第112章 素问重伤(2/2)
郁夫难得收起了嬉皮笑脸,把手里啃了一半的猪蹄放下,拿起酒壶给傅青满上,又给自己和安盛倒满,
“傅哥,你去北境之后有什么打算?拓跋老将军那边,靠得住吗?”
“应该靠得住,拓跋珪跟了风家好几代人,能信。”
傅青端起酒碗抿了一口,
“但北境不是铁板一块,风家军里分了派系,有的还忠于风家,有的想投靠朝廷,有的在两边摇摆,他一个人撑了太久,我去,至少能替他分担一些。”
郁夫沉默了一会儿,然后端起酒碗,
“傅哥,你放心的去,家里这边有我跟我爹兜着,真要有什么事我能帮忙的,绝不推辞。”
安盛也端起酒碗,“我跟你干了这碗,下次去北境找你喝酒。”
三人将碗中酒一饮而尽。
喝到深夜,酒坛空了,卤味也见了底。
安盛趴在石桌上醉得不省人事,脸枕在胳膊上,嘴角还挂着一丝酒印子,打起了鼾。
郁夫靠在柳树上,圆脸上的肉被月光照得发白,难得没有嬉皮笑脸,
“傅哥,我爹也说北境那边不太平不比从前,你要是去了,他们可能会服你,也可能不会。”
傅青端起最后一碗酒慢慢喝完,
“不服就干!”
...
第二天一早,傅青骑着马出了靖京城。
药宫建在城外一座幽静的山谷里,满山都是药草田,晨风吹过时空气中弥漫着淡淡的药香,苦中带甘,像素问身上的味道。
他沿着石阶往上走,靴底踩在长了青苔的石板上微微打滑,两侧的药草田里几个药宫弟子正蹲着采药,听见脚步声抬起头看了他一眼,又低下头继续忙活。
药宫正门是两扇厚重的木门,门楣上刻着“药宫”两个古朴的篆字,门板上的漆被岁月侵蚀得斑斑驳驳。
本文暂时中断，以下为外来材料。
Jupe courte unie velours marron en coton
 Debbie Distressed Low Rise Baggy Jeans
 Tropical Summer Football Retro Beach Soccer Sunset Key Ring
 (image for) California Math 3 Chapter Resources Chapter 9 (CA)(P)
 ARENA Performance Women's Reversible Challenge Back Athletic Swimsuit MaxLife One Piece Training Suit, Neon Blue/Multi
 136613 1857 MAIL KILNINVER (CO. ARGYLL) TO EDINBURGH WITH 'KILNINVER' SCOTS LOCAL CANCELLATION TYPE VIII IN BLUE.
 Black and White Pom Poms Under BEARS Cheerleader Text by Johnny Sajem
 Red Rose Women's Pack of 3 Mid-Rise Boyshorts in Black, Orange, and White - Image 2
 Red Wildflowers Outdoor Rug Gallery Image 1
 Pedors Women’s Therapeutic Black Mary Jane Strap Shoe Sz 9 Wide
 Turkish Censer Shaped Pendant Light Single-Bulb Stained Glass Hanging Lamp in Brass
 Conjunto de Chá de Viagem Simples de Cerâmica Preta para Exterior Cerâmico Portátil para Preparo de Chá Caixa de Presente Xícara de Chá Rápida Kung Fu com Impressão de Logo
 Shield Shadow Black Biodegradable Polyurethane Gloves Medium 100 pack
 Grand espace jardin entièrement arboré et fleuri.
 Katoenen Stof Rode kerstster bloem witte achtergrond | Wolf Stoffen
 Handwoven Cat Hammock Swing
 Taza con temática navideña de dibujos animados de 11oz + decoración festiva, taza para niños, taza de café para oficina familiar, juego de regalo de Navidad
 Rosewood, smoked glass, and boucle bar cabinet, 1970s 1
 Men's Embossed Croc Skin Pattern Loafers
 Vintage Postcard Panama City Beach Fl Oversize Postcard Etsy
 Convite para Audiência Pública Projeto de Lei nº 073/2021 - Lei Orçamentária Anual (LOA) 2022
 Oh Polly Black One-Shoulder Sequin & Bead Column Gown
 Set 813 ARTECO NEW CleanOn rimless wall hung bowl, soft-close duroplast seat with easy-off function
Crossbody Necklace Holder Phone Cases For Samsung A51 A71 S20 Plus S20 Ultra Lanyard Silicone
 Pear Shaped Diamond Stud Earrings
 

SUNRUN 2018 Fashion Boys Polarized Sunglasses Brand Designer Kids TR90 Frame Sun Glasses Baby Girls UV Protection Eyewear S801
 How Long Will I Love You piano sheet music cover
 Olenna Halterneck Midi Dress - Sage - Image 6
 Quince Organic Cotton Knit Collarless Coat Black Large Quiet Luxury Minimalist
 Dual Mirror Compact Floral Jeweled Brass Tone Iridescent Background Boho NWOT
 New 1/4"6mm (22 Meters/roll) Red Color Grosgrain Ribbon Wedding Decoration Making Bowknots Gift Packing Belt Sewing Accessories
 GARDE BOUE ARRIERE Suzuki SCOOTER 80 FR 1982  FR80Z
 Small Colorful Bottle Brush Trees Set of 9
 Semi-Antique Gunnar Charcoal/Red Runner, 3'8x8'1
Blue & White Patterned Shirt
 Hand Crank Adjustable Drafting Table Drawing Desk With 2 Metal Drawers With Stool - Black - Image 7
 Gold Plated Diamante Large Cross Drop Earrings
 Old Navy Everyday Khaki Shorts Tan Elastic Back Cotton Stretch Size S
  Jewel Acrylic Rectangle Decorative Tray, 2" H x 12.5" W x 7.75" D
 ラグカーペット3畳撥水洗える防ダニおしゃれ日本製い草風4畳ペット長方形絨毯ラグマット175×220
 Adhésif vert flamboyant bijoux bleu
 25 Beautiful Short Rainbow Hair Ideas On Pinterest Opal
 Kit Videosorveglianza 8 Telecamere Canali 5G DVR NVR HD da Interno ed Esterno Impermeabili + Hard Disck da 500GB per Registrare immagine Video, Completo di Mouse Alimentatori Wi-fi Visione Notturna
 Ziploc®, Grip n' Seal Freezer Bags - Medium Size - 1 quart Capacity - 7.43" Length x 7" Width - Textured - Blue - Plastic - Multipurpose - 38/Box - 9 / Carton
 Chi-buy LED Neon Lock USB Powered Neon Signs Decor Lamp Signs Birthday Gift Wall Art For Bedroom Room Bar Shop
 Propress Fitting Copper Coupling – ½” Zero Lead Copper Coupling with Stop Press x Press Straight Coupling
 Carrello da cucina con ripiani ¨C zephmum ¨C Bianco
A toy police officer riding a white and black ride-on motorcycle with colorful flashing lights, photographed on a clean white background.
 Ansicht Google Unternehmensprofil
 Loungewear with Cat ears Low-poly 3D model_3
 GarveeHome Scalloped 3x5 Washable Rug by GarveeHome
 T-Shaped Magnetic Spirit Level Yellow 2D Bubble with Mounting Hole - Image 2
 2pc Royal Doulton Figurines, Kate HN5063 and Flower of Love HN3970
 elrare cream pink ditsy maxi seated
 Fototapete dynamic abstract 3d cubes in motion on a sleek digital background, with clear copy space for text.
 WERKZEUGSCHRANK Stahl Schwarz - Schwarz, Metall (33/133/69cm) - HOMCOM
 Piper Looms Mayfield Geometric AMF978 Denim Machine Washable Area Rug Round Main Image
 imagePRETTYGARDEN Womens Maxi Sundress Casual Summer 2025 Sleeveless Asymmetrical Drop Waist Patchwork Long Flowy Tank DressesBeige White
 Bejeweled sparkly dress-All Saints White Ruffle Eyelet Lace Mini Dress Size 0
门口站着两个守门的药宫弟子,都是十五六岁的少年,穿着素白弟子袍,腰间挂着药囊。
傅青走到门前,对其中一个守门弟子道,
“在下傅青,来接素问,烦请通报一声。”
那弟子抬头看了他一眼,听见“傅青”两个字时眼睛微微睁大了些,
“傅将军稍后...”
转身跑进了门。
傅青站在门口等着,手指在刀柄上轻轻敲着。
过了一会儿,门里传来一阵急促的脚步声,步子有些乱。
门从里面被推开,苏雪站在门口。
她穿着一身素白的药宫弟子袍,眼眶微红,还挂着没干的泪珠,看起来像是刚哭过。
傅青的心猛地往下一沉。
苏雪是素问的师姐,平日里最是开朗不过,在秘境里被猴群追得满山跑都能笑出声来。
她此刻站在门口,手指捏着门框,嘴抖了好几下才开口,
“傅将军,素问她...她为了冲击药道六品,伤了药道根基,已经昏迷了好几天,全靠我师傅用两颗遗蜕才吊住命,一直没醒。”
傅青瞳孔骤缩,手指停住,“她在哪?!”
苏雪侧身让开路,带他穿过药宫的正堂,穿过一条两侧摆满了药柜的走廊,穿过一片晒满了药材的院子,走到最深处一间独立的药房门前。
药房的门虚掩着,门缝里透出极淡的金色光晕。
苏雪推开门,侧身让傅青进去,自己退到门外,轻轻把门带上。
药房里的光线很暗,窗户被厚厚的药布遮住了,只有屋角一盏小药灯散发着淡绿色的微光,空气中弥漫着各种药材混合的味道。
素问躺在床上,双目紧闭,脸色苍白得像一张纸,嘴唇没有一丝血色。
她的手放在被子外面,呼吸微弱得几乎感觉不到,胸口几乎没有起伏,只有药灯的火苗在微微跳动,证明她还活着。